Write every entry out again with no changes, and leave the images behind.

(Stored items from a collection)
--*--
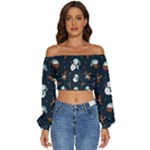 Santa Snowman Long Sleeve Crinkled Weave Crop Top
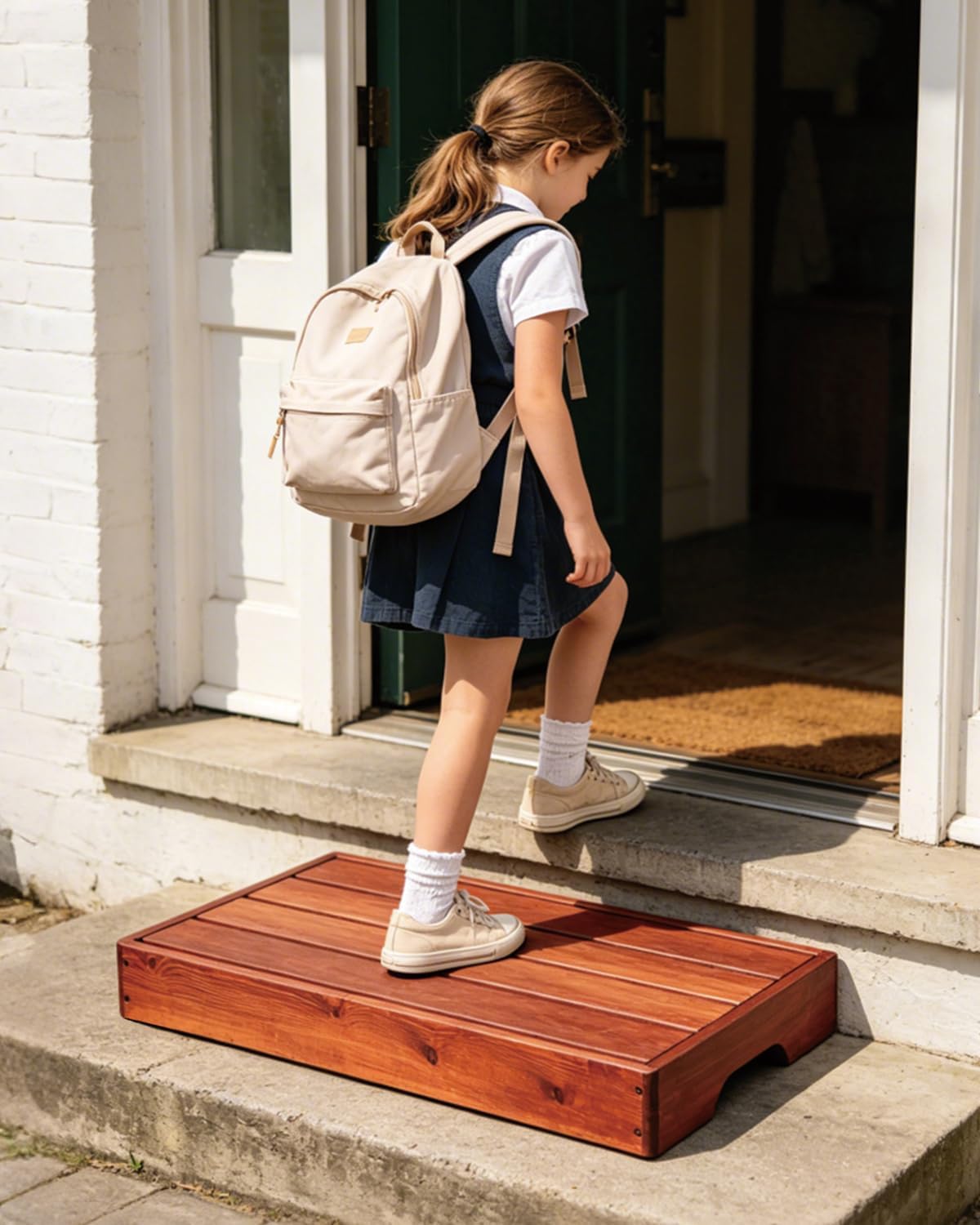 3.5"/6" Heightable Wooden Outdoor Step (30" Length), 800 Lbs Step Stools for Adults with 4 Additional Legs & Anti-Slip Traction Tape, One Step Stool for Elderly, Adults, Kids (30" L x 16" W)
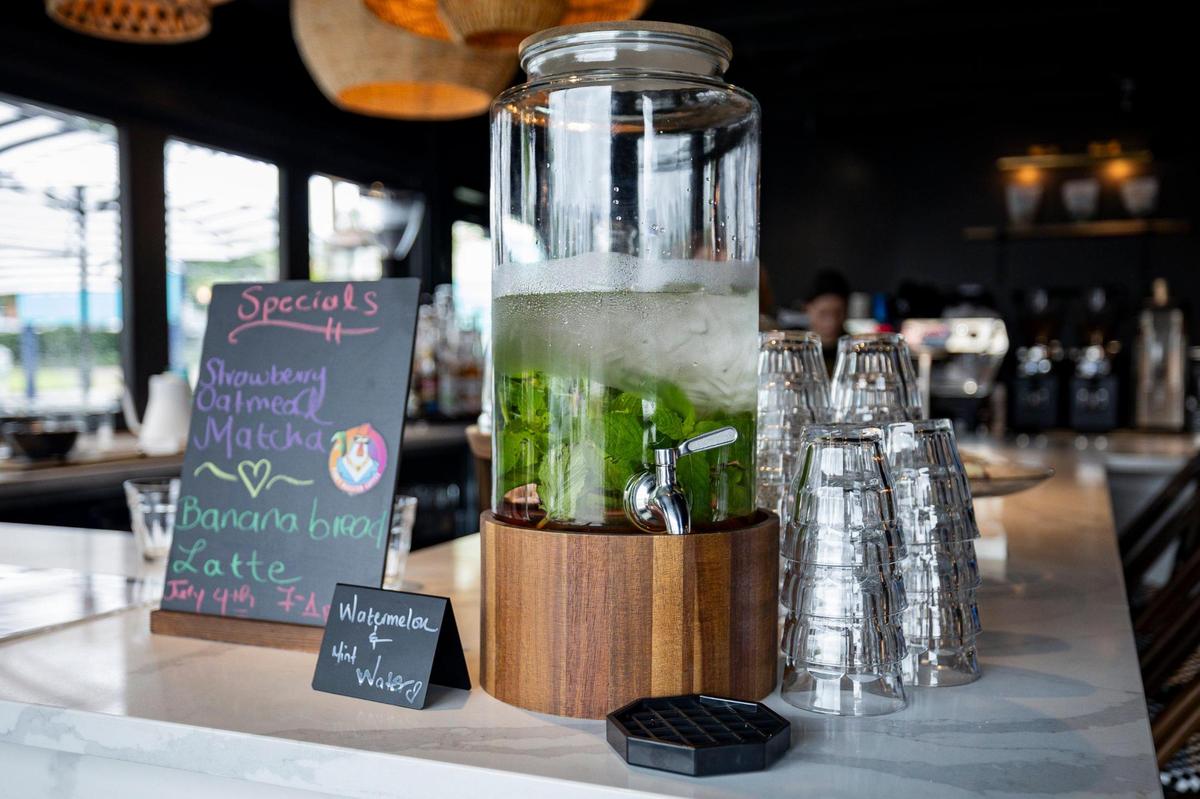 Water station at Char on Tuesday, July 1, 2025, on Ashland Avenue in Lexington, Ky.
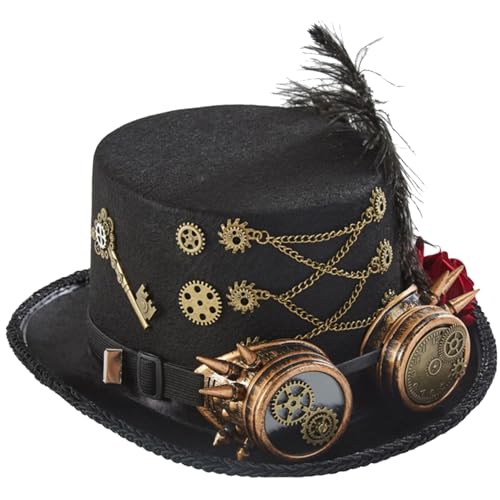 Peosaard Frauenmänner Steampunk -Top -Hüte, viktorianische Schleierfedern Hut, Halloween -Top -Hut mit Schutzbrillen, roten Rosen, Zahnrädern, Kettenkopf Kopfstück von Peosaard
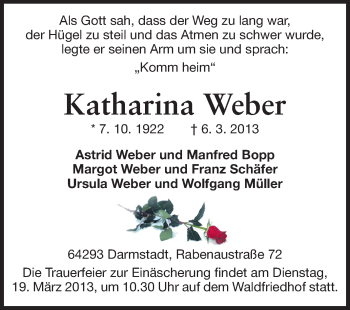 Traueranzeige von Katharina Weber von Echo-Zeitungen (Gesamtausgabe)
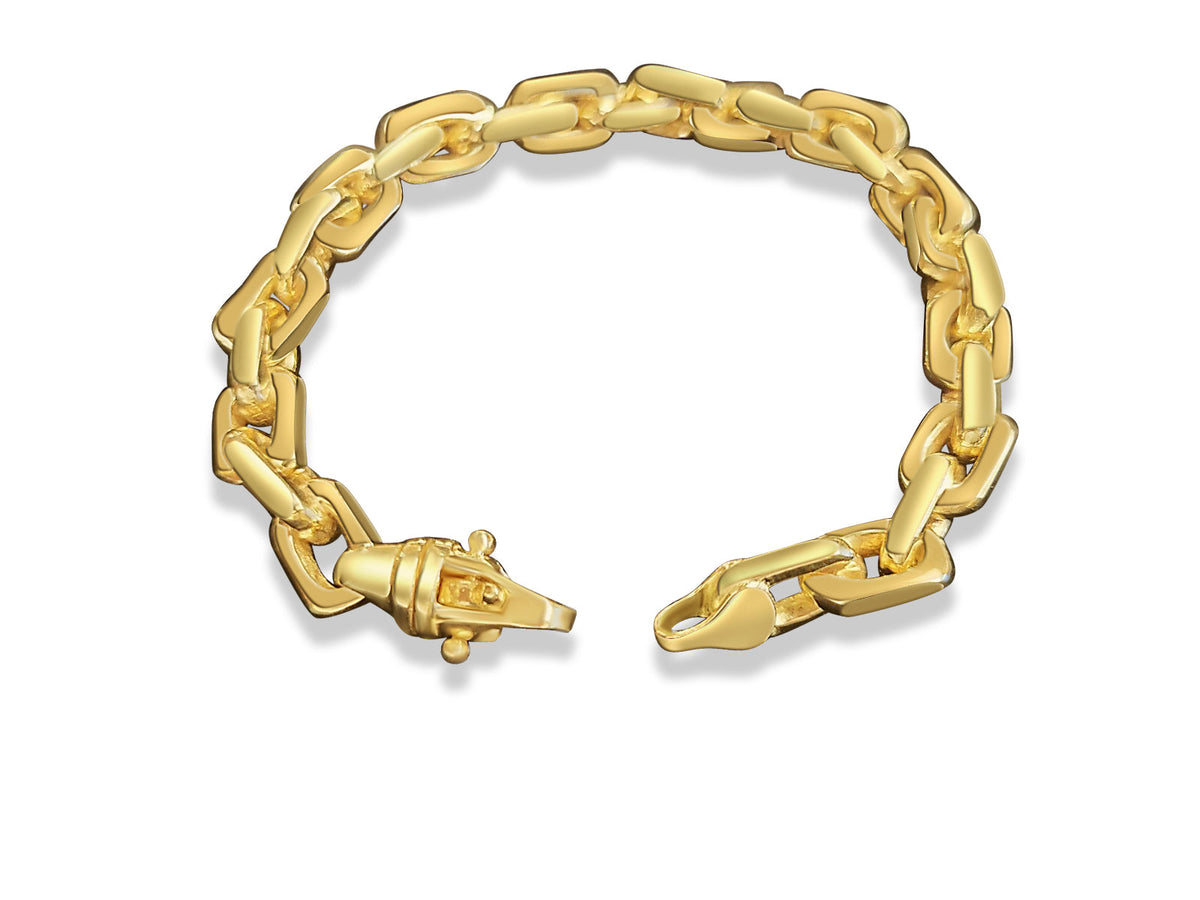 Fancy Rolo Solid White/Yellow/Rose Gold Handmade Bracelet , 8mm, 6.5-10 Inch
--*--
| Result of this task |
 Santa Snowman Long Sleeve Crinkled Weave Crop Top
 3.5"/6" Heightable Wooden Outdoor Step (30" Length), 800 Lbs Step Stools for Adults with 4 Additional Legs & Anti-Slip Traction Tape, One Step Stool for Elderly, Adults, Kids (30" L x 16" W)
 Water station at Char on Tuesday, July 1, 2025, on Ashland Avenue in Lexington, Ky.
 Peosaard Frauenmänner Steampunk -Top -Hüte, viktorianische Schleierfedern Hut, Halloween -Top -Hut mit Schutzbrillen, roten Rosen, Zahnrädern, Kettenkopf Kopfstück von Peosaard
 Traueranzeige von Katharina Weber von Echo-Zeitungen (Gesamtausgabe)
 Fancy Rolo Solid White/Yellow/Rose Gold Handmade Bracelet , 8mm, 6.5-10 Inch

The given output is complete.